What the task asks: From the line with "Skechers Sport Abrasion-Resistant" to the last line of the material, both inclusive, transcribe every line exactly and nothing else.

Recorded data:

══════════════════════════════

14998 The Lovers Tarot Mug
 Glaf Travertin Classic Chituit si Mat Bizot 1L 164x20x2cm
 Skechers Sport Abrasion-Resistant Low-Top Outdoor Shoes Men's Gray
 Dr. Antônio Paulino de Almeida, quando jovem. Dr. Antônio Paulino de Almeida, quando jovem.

══════════════════════════════

Answer for the task:
 Skechers Sport Abrasion-Resistant Low-Top Outdoor Shoes Men's Gray
 Dr. Antônio Paulino de Almeida, quando jovem. Dr. Antônio Paulino de Almeida, quando jovem.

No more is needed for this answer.